A pensarci bene, qualcosa del genere è successo a Sean Connery, anche lui sopra gli 80. Nel 2003, dopo aver girato l’impresentabile La leggenda degli uomini straordinari, l’ex 007 decise di chiuderla lì, con un semplice annuncio. I soldi non mancavano, e forse il cinema aveva smesso da tempo di riscaldare i suoi pensieri. Per entrambi sembra valere il detto: «Alcuni attori invecchiano, altri maturano». Ambedue hanno saputo intonarsi allo scorrere del tempo senza ricorrere, come Robert Redford o gli scomparsi Paul Newman e Tony Curtis, al chirurgo plastico, accettando i segni dell’età, pure divertendosi a spiazzare il pubblico: lo scozzese disfacendosi anzitempo del parrucchino d’ordinanza per farsi crescere due bei baffoni; il californiano reiventandosi a sorpresa come interprete di commedie buffe.

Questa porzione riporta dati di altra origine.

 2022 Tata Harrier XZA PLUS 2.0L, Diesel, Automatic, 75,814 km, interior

Poi, certo, è un altro il Gene Hackman che si ama. D’azione, burbero e roccioso, dai metodi spicci, dotato di sarcasmo, cattivo capace di redimersi, non importa che sia sbirro, generale, ladro, sceriffo, avvocato, criminale. Fateci caso: pur avendo studiato insieme a Dustin Hoffman, di sette anni più giovane, alla Pasadena Playhouse, Hackman sullo schermo non sembra mai preso dal sacro fuoco della recitazione, il “Metodo” gli fa un baffo, scivola dentro i suoi personaggi, inclusi i moralmente esecrabili, con naturalezza grintosa, un po’ alla maniera di Robert Duvall, di solo un anno più giovane e come lui eclettico, autorevole. Dovunque lo metti, sta bene. Come un tempo Burt Lancaster. E oggi Tommy Lee Jones, a cui diede la caccia nell’avvincente Uccidete la colomba bianca. Hackman farebbe una bella figura anche se leggesse l’elenco del telefono.

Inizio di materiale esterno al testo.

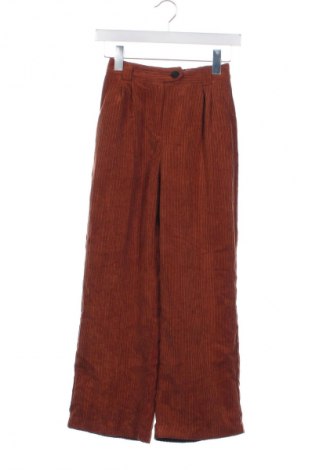 Női kordbársony nadrág Bershka, Méret XS, Szín Barna, Ár 12 449 Ft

Pure nei film peggiori, e ce ne sono tra gli ottanta girati, l’attore porta una presenza che lascia il segno, un mix di autorevolezza e fisicità, carisma e ambiguità. Magari è merito della stazza (è alto 1 metro e 88), del naso importante, dello sguardo tagliente, della faccia “normale”, della voce tonante ben restituita in Italia dai due doppiatori ufficiali, Sergio Fiorentini e Renato Mori.
Poi, certo, la vita movimentata avrà contato. Leggenda vuole - ma la cosa è controversa - che a sedici anni si arruolò nei Marines finendo in Cina come operatore radio e al suo ritorno negli States collezionò una serie infinita di lavori umili. Il peggiore dei quali lo ricorda proprio a Time: «Fui assunto, insieme ad altri quattro ragazzi, per pulire le poltrone e gli arredi di pelle nel grattacielo della Chrysler a New York. Sempre di notte, un incubo».

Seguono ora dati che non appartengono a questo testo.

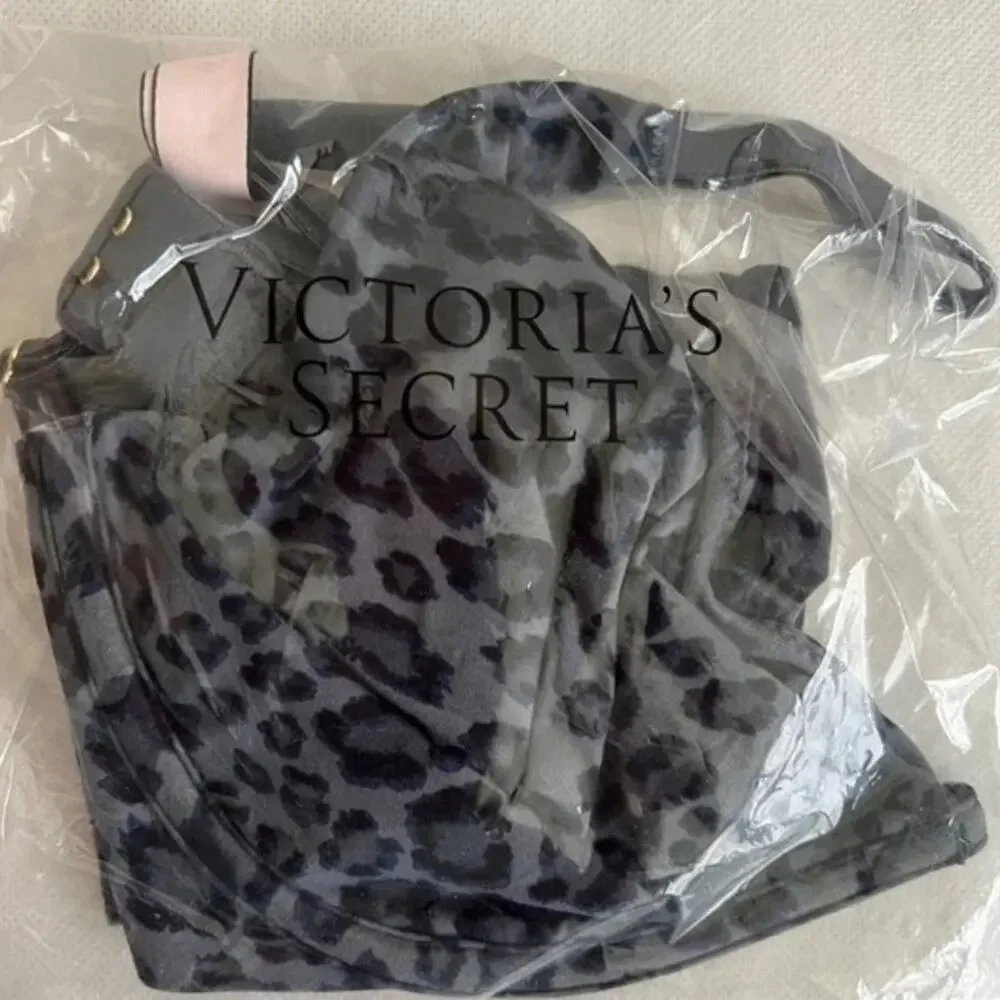 Victoria's Secret Unlined Underwire Plunge Bra Black Pearl Leopard, 32DD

Anche per questo odia girare nottetempo e alzarsi all’alba. Più comodo scrivere romanzi western. Payback at Morning Peak è il quarto, dopo Escape from Andersonville, Justice for None e Wake of the Perdido Star, nessuno dei quali pubblicato in Italia. L’incipit è intonato al cinema violento che l’ha reso famoso. Tornando a casa, il diciassette Jubal trova la madre morta, deve sparare al padre che sta atrocemente bruciando vivo e prova a salvare la sorella appena stuprata. «Volevo che Jubal sprofondasse in un buco nero, in modo da avere a disposizione 300 pagine per farlo uscire da lì. Magari ho esagerato un po’, ma era funzionale a risolvere il dilemma» ha spiegato a Time. Per la cronaca: politicamente democratico, una volta votò per il repubblicano Ronald Reagan. Nessuno è perfetto.